Efeitos do capitalismo
Realizadoà época do ingresso da Eslovênia na Zona Euro, A Call Girl registra o efeito do capitalismo em seu povo. Alguns, como a protagonista Alexandra, viam a novidade como um mar de oportunidades, mas outros se sentiam incomodados com a mudança. No filme, esse incômodo se configura nas recorrentes passagens de carros policiais com sirenes ligadas escoltando alguma delegação europeia.
O deslumbramento de Alexandra não significa que o filme a caracterize como uma pessoa ingênua. Na primeira cena, quando um dos clientes está no chão sofrendo um enfarto por overdose de Viagra, ela avisa o hotel, mas retira da carteira dele o seu pagamento antes de fugir do local. Em momento posterior, ela tenta seduzir seu professor da universidade para ser aprovada na matéria dele.

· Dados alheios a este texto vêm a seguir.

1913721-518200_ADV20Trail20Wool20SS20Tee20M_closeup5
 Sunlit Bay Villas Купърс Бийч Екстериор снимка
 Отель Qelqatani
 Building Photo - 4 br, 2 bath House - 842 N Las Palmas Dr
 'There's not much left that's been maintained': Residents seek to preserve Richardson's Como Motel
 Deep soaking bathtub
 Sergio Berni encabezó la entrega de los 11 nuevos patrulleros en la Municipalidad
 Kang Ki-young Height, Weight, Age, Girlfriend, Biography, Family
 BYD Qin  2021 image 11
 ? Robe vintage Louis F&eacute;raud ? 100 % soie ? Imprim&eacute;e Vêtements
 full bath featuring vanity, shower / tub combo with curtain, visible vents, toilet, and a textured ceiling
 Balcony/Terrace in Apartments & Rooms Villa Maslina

Diante dos reveses, vemos seus momentos íntimos de reflexão. Contudo, sem que eles tenham a finalidade de provocar a compaixão do espectador. Independente da prostituição, acompanhamos uma jovem em processo de amadurecimento.
Por outro prisma, é possível enxergar Alexandra como representação da própria Eslovênia. O jovem país parecia deslumbrado com as oportunidades da Zona Euro. Nesse sentido, o pai de Alexandra seria comparável à Iugoslávia, de quem o país se tornou independente, mas mergulhou em grave crise econômica.
O diretor Damjan Kozole realizou seu primeiro longa em 1986, e se tornou um dos mais notáveis representantes do renascimento do cinema esloveno. Seu filme Spare Parts (Rezervni deli, 2003) concorreu ao Urso de Ouro em Berlim, e ganhou prêmios em outros festivais.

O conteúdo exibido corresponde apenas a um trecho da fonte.